Recommended by novelist and poet, Eva Salzman: Alongside my "serious" reading, as a teenager, I devoured glossy magazines and the literary equivalent of junk food, indiscriminately and without guilt. As someone once said: hell, I'd read a cereal packet. I read fiction and poetry, but I also love biography, memoir, travel and what I dub cultural journalism, which includes these and everything in-between. Some people love to deplore the current cult of The Biography, but anyone who says they aren't fascinated by people's lives must be lying. I'd rather risk accusations of bad taste than not satisfy my curiosity.

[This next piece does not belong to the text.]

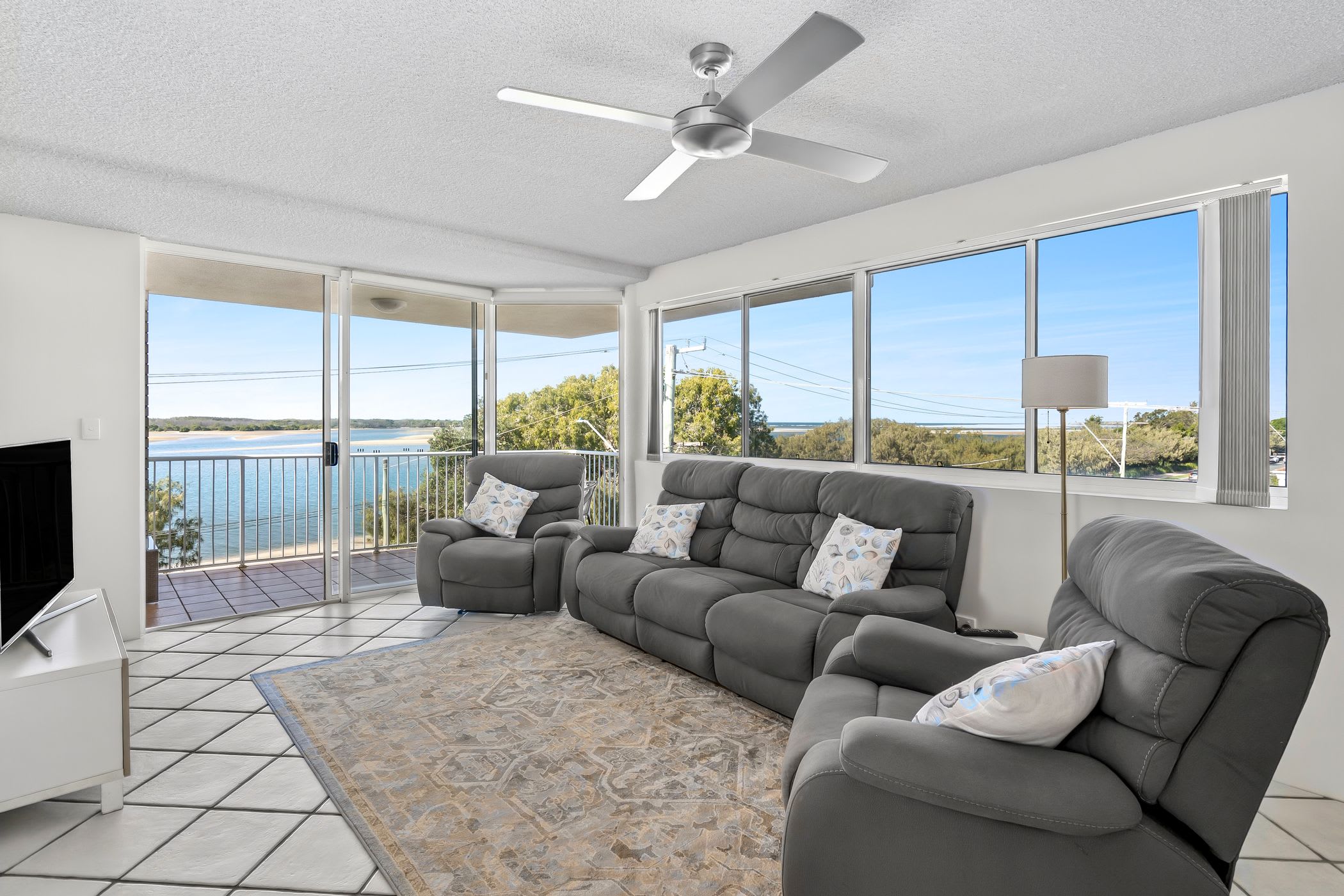 Seascape U7 Waterfront Retreat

Currently, I'm reading Timothy Tyson's Blood Done Sign My Name, which might be subtitled: Everything You Don't Want to Know - But Should Know - About The American South. Tyson grew up among white supremacists. The book is balanced at a pivotal moment in history, its mix of memoir and history channelled through the eyes of the author's younger self - at a pivotal age himself - whose introduction to racism was first-hand.

The teenage Tyson was grappling with time-honoured, teen-angst questions to do with identity, truth, morality and humanity against a backdrop of mounting social conflict: race riots sparked by the murder of a black man. The adult Tyson recounts this in the context of the growing national Black Power movement's attack on an entrenched racist system and status quo which civil rights legislation of the 1950s and early 1960s had addressed in theory, if not yet in practice.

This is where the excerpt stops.